Uczestnicy dziecięcego i młodzieżowego Triathlonu Gdańsk swoją postawą wyjątkowo wysoko zawiesili poprzeczkę startującym w niedzielę seniorom, którym nie łatwo będzie dorównać młodszym kolegom i koleżankom w poziomie ambicji, determinacji, a w szczególności – radości z uprawiania sportu. To wszystko można było oglądać w okolicach brzeźnieńskiego molo w sobotnie przedpołudnie, 13 lipca podczas imprezy Triathlon Gdańsk dla Dzieci.

NIEOFICJALNE WYNIKI TRIATHLON GDAŃSK DLA DZIECI

Zawody rozpoczęły się od wyścigu triathlonowego narybku, czyli dzieci w wieku od 3 do 6 lat. Najmłodsi uczestnicy, pod czujnym okiem rodziców i opiekunów, walczyli z falami, trasą rowerową i dystansem biegowym. To właśnie w tej kategorii wiekowej najwyraźniej widać było autentyczną radość z ruchu na świeżym powietrzu.

– Przykład idzie z góry, ponieważ oboje jesteśmy aktywni, a dziewczynki nas obserwują i chcą naśladować. To już dla nich kolejny start, same nie mogą się doczekać, kiedy wezmą udział w kolejnym triathlonie czy innej imprezie sportowej. Do niczego nie trzeba ich dodatkowo namawiać – podkreślają Jola i Krzysztof, dumni rodzice Julii i Olgi.

W przypadku najmłodszej kategorii wiekowej już sam udział jest wyjątkowym wielkim wydarzeniem. Każdy uczestnik ma prawo czuć się zwycięzcą, dlatego zawodników się nie klasyfikuje. Warto jednak podkreślić, że uprawianie sportu hartuje i kształtuje charakter u najmłodszych, a w niektórych przypadkach trudno wręcz nie zauważyć wrodzonych predyspozycji do pływania, kolarstwa i biegania, składających się na triathlon.

– Podczas startu syna emocji jest więcej niż podczas moich zawodów – śmieje się pan Michał, ojciec Kacpra. – Od kiedy my się w to bawimy, i ojciec i matka, syn bardzo nas dopinguje, obserwuje nas i bardzo mu się to podoba.
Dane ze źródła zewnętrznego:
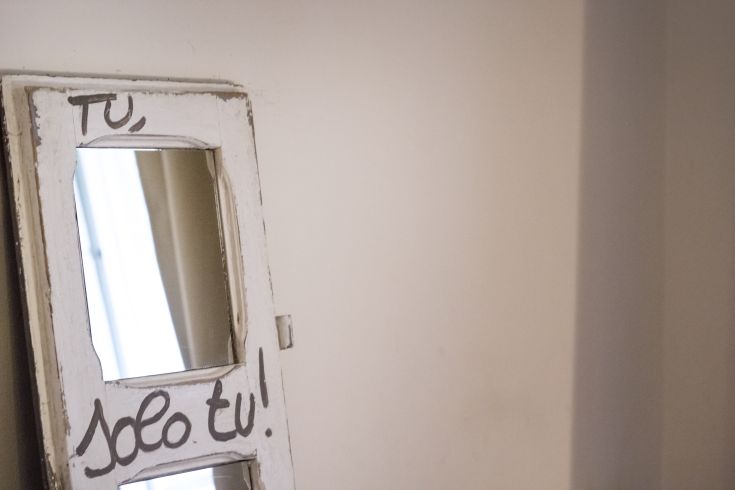 A mirror with a message inviting self-reflection.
A nas cieszy, że to taka nasza wspólna, rodzinna pasja – mówi rodzic, który na finiszu musiał…gonić swojego syna, który sprintem przekraczał linię mety.
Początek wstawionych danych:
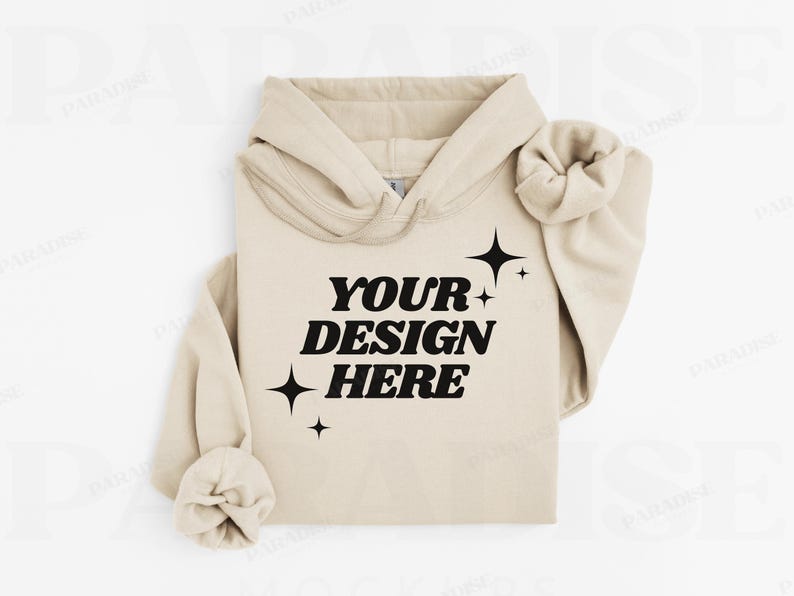 May include: A beige hoodie with the text "YOUR DESIGN HERE" in bold black letters, accented by starburst graphics. The hoodie features a drawstring hood and cuffed sleeves, perfect for showcasing custom designs.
Im starsi zawodnicy ruszali na trasę Triathlonu Gdańsk, tym dłuższą trasę pływacką, rowerową i biegową musieli pokonać. W rywalizacji dziewcząt do lat 9 pierwsza linię mety minęła Julia Czajkowska, która drugą w klasyfikacji końcowej koleżankę wyprzedziła aż o pół minuty.

– Po pływaniu byłam zmęczona, potem pogubiłam się trochę w strefie zmian, bo od razu chciałam wbiec na metę, ale bieganie to moja ulubiona część triathlonu i mimo tego, że było ciężko, wygrałam. To był mój drugi start, a w zeszłym roku też byłam pierwsza – cieszyła się na mecie zwyciężczyni, rocznik 2010.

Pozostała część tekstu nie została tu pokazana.